Required action: Repeat exactly the lines of the records below, starting at the line containing "High-quality Super Bowl" and ending at the line containing "Bordeaux Cathedral, Roman". Leave the pictures out.

Records provided:
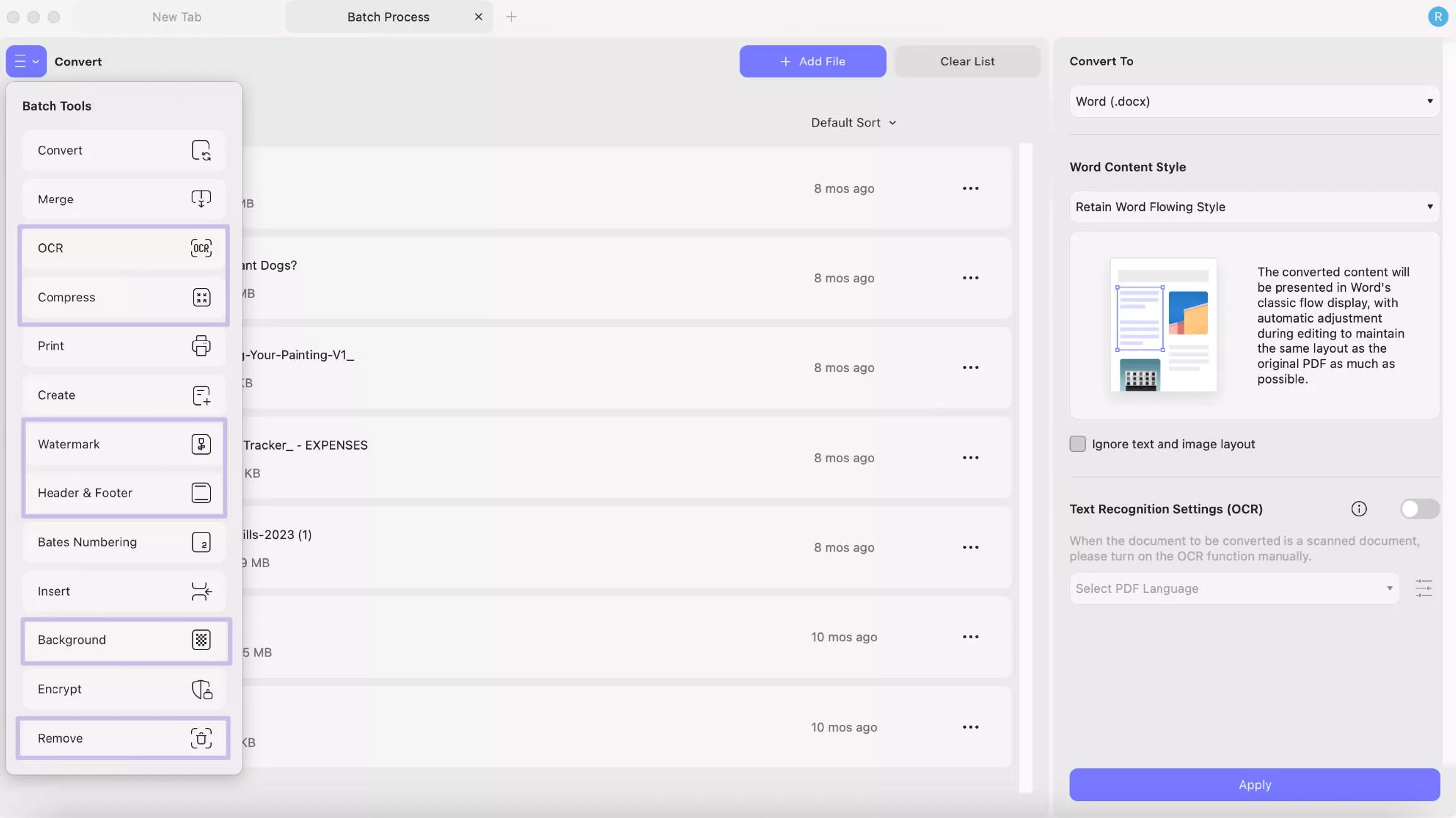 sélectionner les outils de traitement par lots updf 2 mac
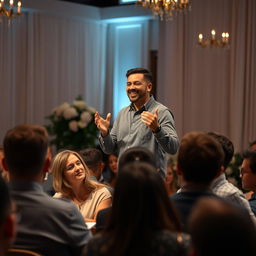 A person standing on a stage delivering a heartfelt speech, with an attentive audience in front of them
* * *
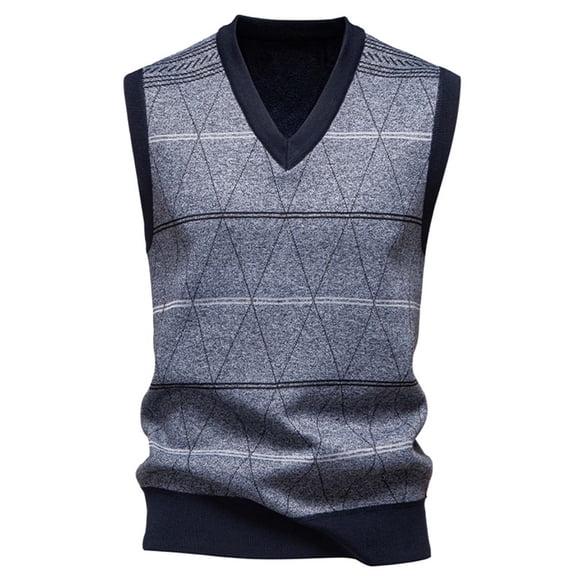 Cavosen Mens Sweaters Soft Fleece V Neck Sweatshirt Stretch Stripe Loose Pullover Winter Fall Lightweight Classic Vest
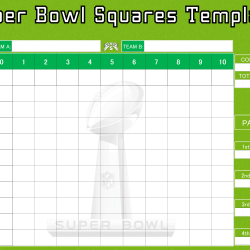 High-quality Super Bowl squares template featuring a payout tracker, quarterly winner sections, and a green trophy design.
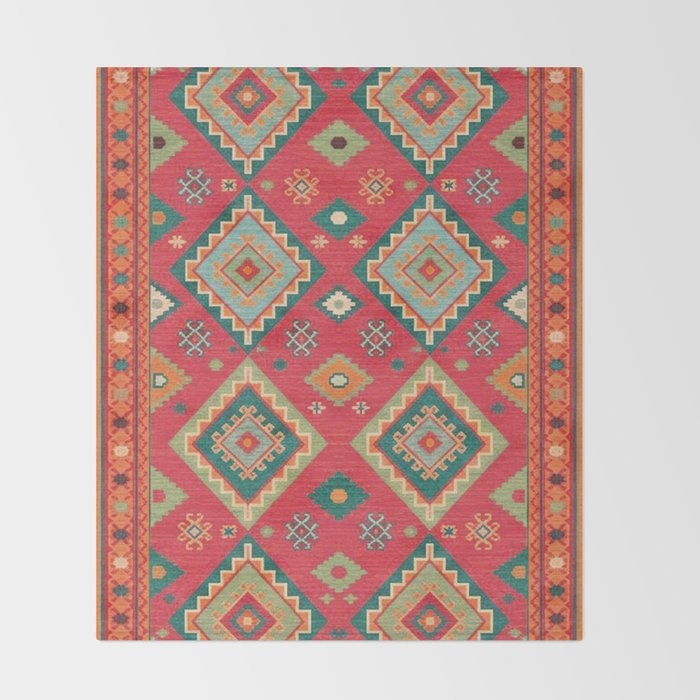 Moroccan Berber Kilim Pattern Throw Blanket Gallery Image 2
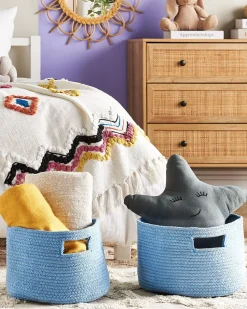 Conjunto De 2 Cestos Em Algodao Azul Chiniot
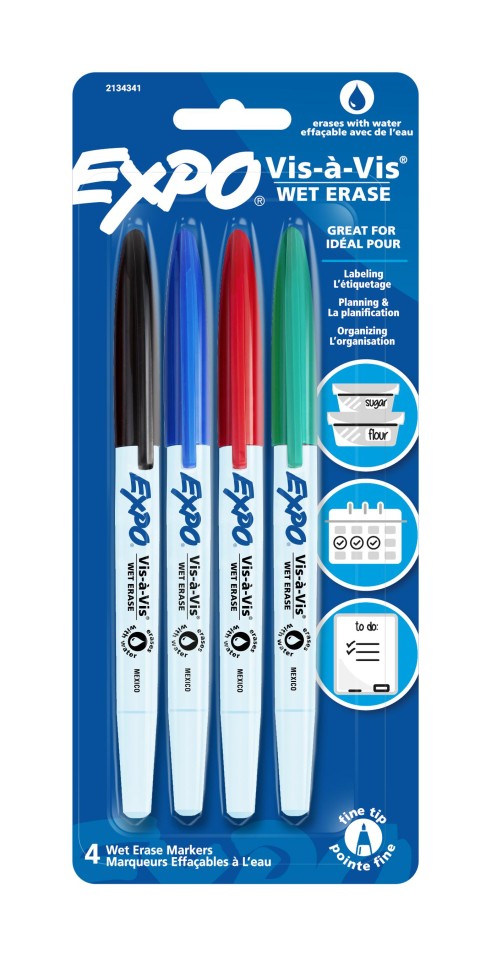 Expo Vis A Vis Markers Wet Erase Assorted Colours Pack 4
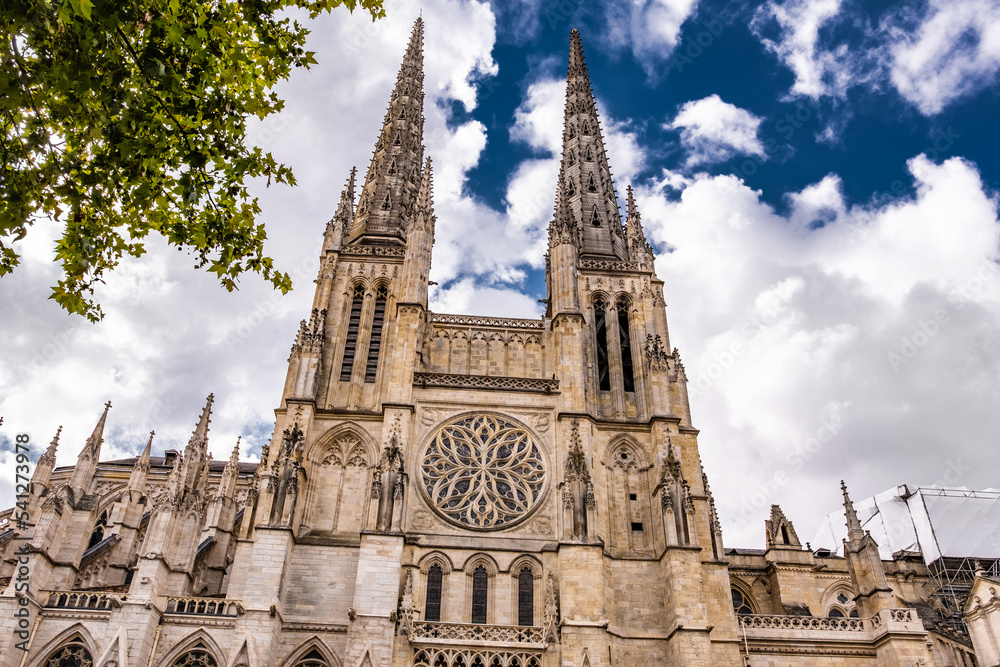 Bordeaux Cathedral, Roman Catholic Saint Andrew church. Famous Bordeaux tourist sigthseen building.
---
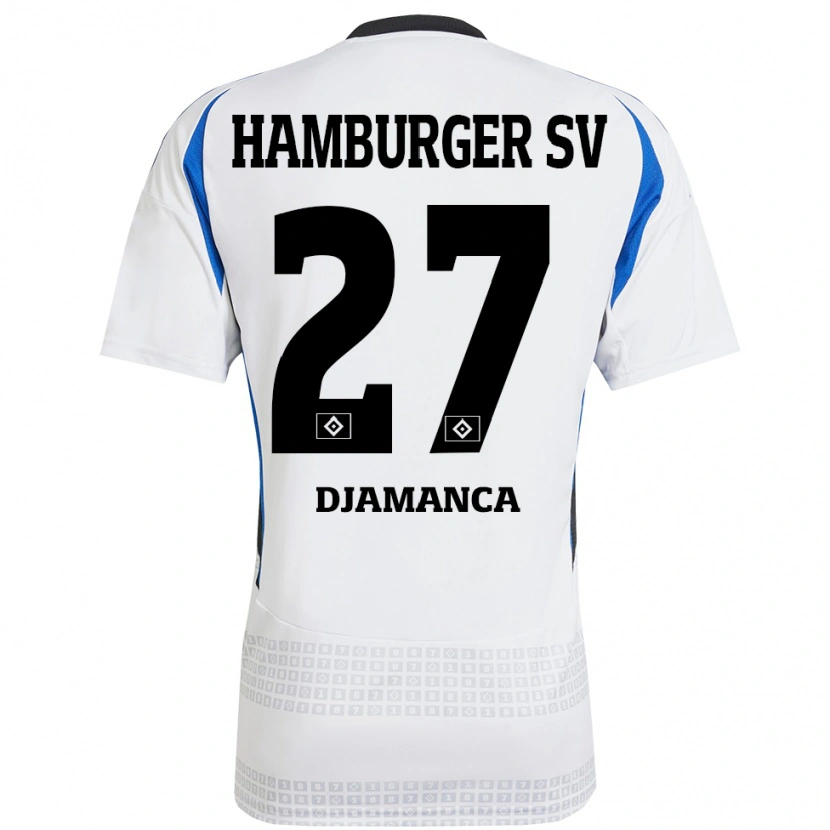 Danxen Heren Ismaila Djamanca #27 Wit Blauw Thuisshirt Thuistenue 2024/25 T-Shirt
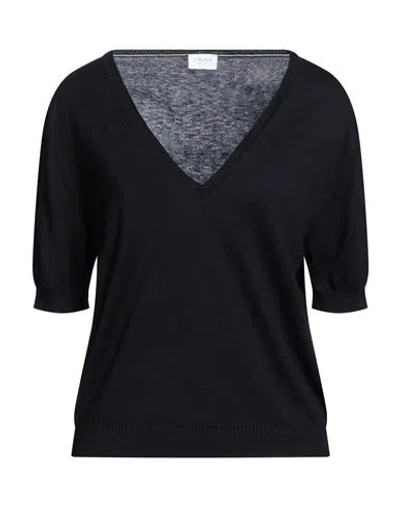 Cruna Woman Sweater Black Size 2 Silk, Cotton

Solution below:
 High-quality Super Bowl squares template featuring a payout tracker, quarterly winner sections, and a green trophy design.
 Moroccan Berber Kilim Pattern Throw Blanket Gallery Image 2
 Conjunto De 2 Cestos Em Algodao Azul Chiniot
 Expo Vis A Vis Markers Wet Erase Assorted Colours Pack 4
 Bordeaux Cathedral, Roman Catholic Saint Andrew church. Famous Bordeaux tourist sigthseen building.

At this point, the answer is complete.